By Jorge Joaquim
A total of 19 Rwandese refugees in Mozambique are part of an initial group that have accepted voluntary repatriation to their country of origin, nearly 30 years after the genocide in 1994.
The process is sponsored by the Rwandan Embassy in Maputo which guarantees that it is a voluntary process, with authorities hoping to receive more people interested in returning to their home country.
Figures provided by Kigali’s diplomatic representation in Maputo suggest that there are around 6,000 Rwandan refugees in Mozambique.
However, Rwanda’s leader since 1994, Paul Kagamé is credited with developing the country after the genocide of Tutsis that year, but the head of state is also accused of limiting freedom of expression and repressing opposition.
Human Rights Watch accuses the Rwandan authorities of limiting use of the internet for self-expression in the country after restricting freedom of expression in the media.

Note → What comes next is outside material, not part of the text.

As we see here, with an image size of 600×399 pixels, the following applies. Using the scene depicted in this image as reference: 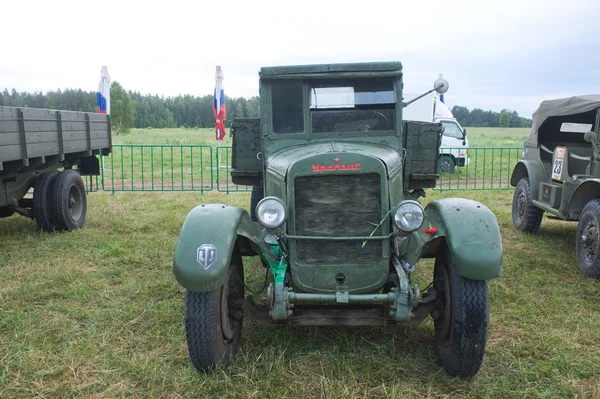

The restriction of freedoms has also been denounced and condemned by other organisations such as Reporters Without Borders and the European Union (EU).
The genocide in Rwanda was responsible for the deaths of more than 800,000 people, mainly from the Tutsi minority, between April and July 1994.
Meanwhile, Rwanda and Mozambique are in deeply good relationships.
Rwandan forces have driven out Islamist militants in Mozambique’s gas-rich Cabo Delgado province. Their success underlines the failure of Mozambique’s army.
Rwanda’s contingent of 1,000 soldiers is the biggest foreign force in Cabo Delgado, which is the site of a $20 billion (€17 billion) liquefied natural gas project operated by French energy giant Total.